Saturday, May 24, 2014

Cutting Edge OK



PHOTOGRAPHER’S JOURNAL: - Photographers’ Voice, Part 1

I suppose I will never cease to ponder the role of subject in my photography, nor do I expect my approach to be consistent. What remains consistent, regardless of the part played by the photograph’s subject, is the primacy of composition, and the need to let each exposure shape the processing it receives.

There is a school of photography that believes that the entirety of the photographer’s art occurs at exposure and that processing should play a minimal role in the ultimate expression of the image. Some photographers go so far as to claim that emphasis on processing is an admission of a weakness or failure at exposure. I learned long ago that there are many ways to be a photographer, and I’m more interested in exploring the expressive capacity of photo images irrespective of time/place fidelity. Even so, pholography is always about a real subject, but it begins with an act of abstraction.

When I began processing this image my goal was to treat it in such a way as to make it a companion to the previous TODAY’S posting.

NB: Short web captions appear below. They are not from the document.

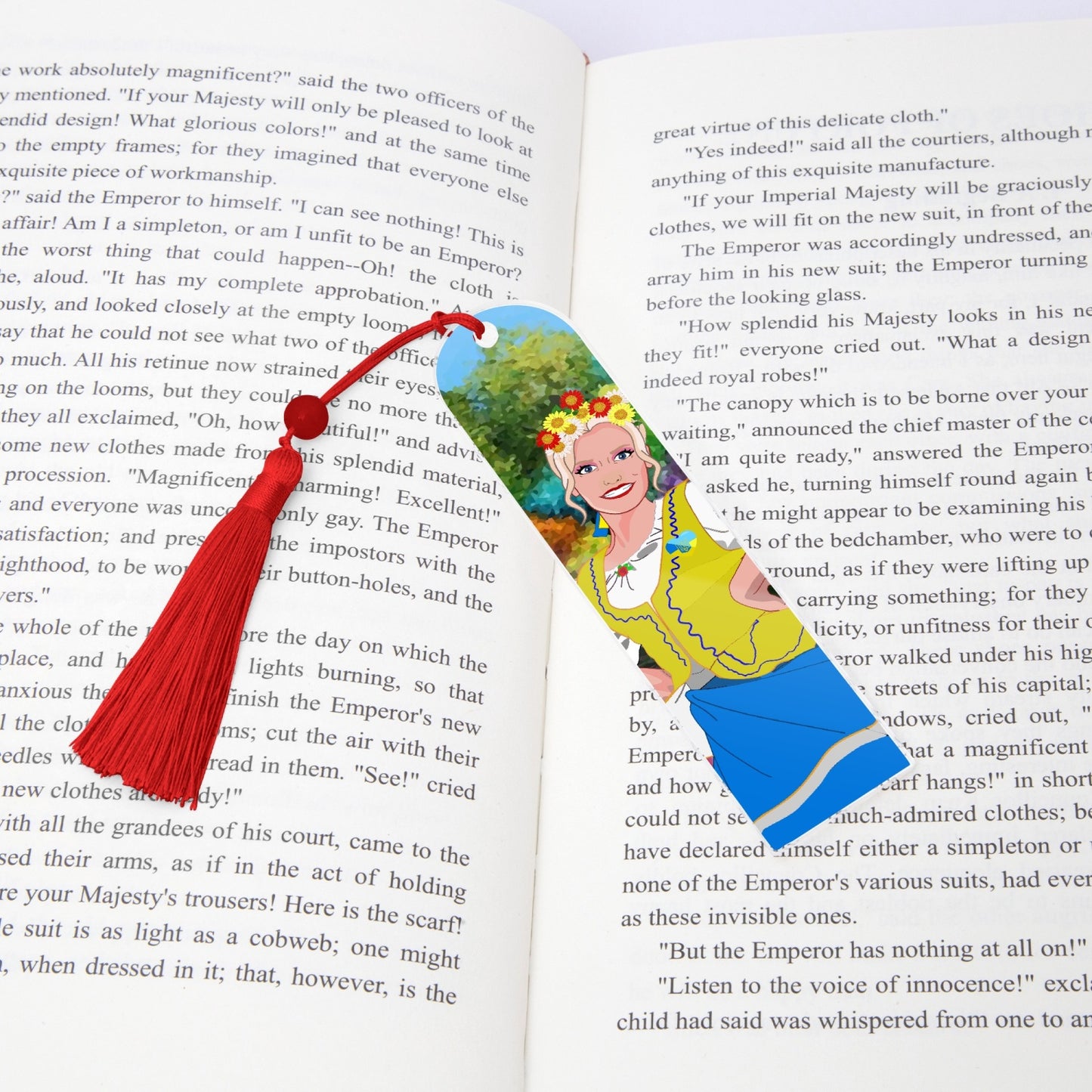 Acrylic Bookmark - Semicircle GLOBAL FREEDOM UNITED© UKRAIN GIRL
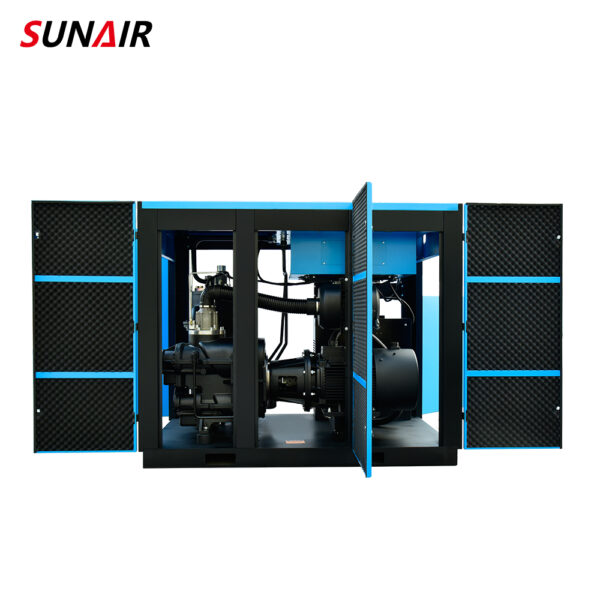 Manufacturer′s Best-Selling 75kw Variable Speed Frequency Two-Stage Screw Air Compressor - Image 5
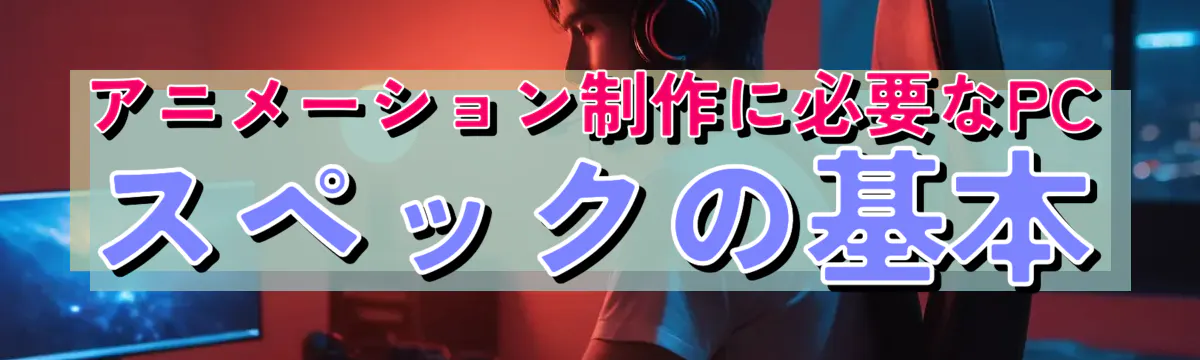 アニメーション制作に必要なPCスペックの基本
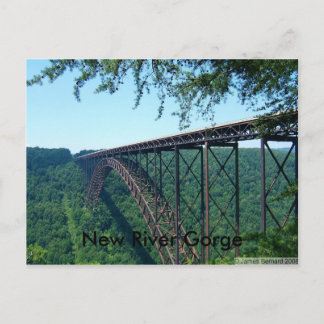 New River Gorge Vykort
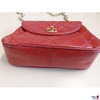 Vintage Chanel Chain Shoulder Bag rot/gold Leder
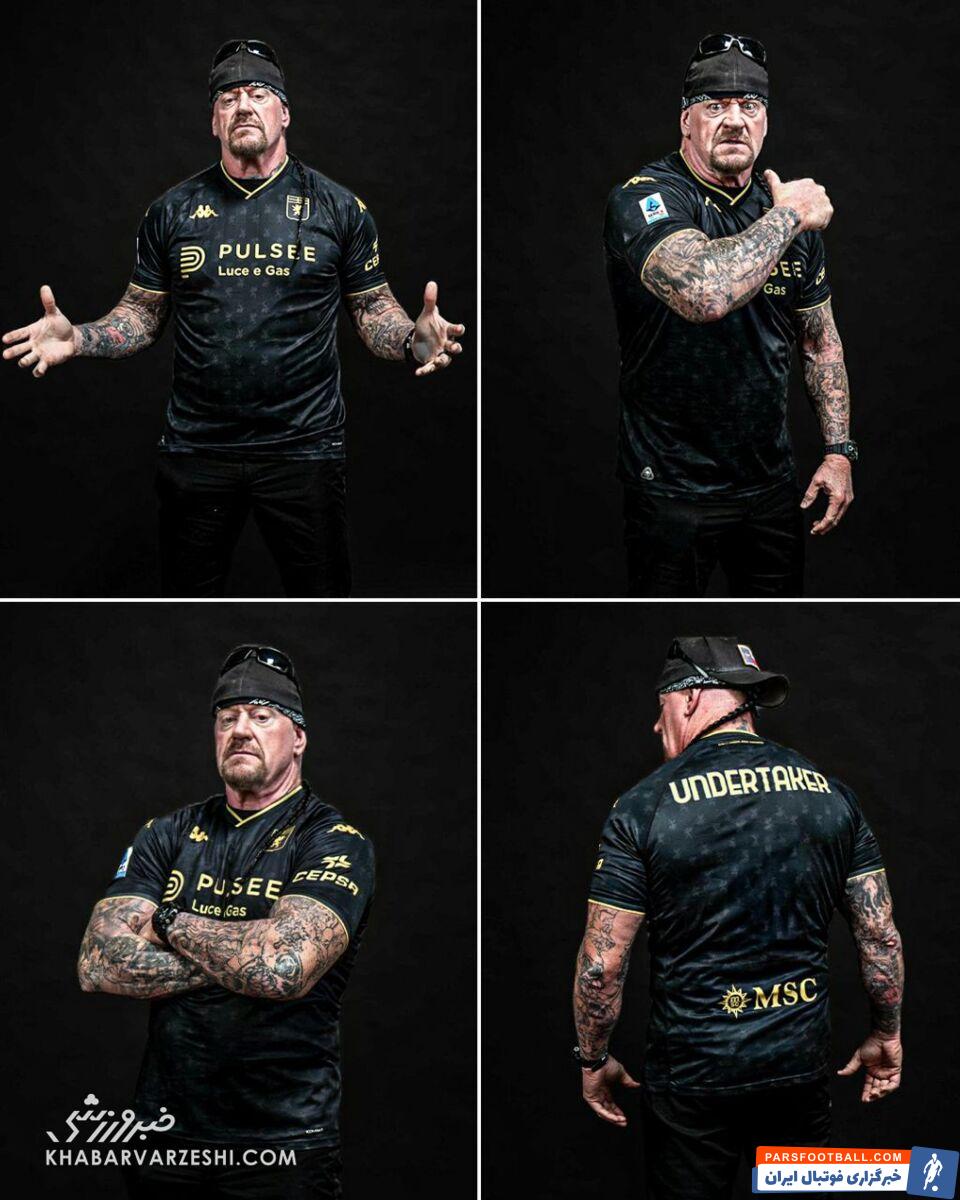 رونمایی از لباس تیم ایتالیایی با حضور آندرتیکر +عکس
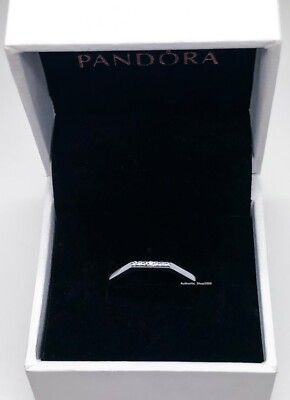 NEW Authentic PANDORA 925 Silver Polished Multifaceted Stackable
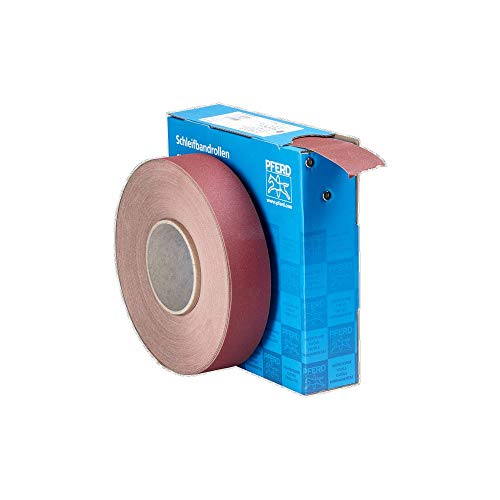 PFERD 47171 Heavy-Duty Abrasive Shop Roll, Aluminum Oxide, 50 yd. Length x 1-1/2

The subject of both images is the same; they were taken on the same day as I studied the saw for its photographic potential. They are 3109 (previous TODAY’S) and 3117 (above) in the sequence. I’ve clearly moved my lens to a less obvious and more abstracted angle.

As I worked at processing this image to be like the earlier image, the more I was pulled in other directions. I sent contrary pairs to a few friends for their reactions. They came back mixed but with comments that often helped, adjectives to distinguish, details that stood out or were suppressed. Knowing my friends’ reactions helped me know my mind, indicated what connected and what missed. 

In the end I chose to follow the lead given by the image itself, made a new image that epitomized what I had discovered in the non-matching image. Whether that makes it a worse or a better partner to the first image I’ll leave to potential purchasers, should they appear. Is it possible that though mismatched, they may speak with a single voice? Where is the photographer inside the image?



2 comments:

Ginnie Hart said...

For me, Ted, these are two completely different images, standing alone perfectly well all by themselves. Each one tells its own story. BUT...they are definitely companions when put together if one chose to do so. That's what I love about two "witnesses" to the same subject!

Emery Roth said...

Only here it is the same witness with two personalities? Thanks for stopping by.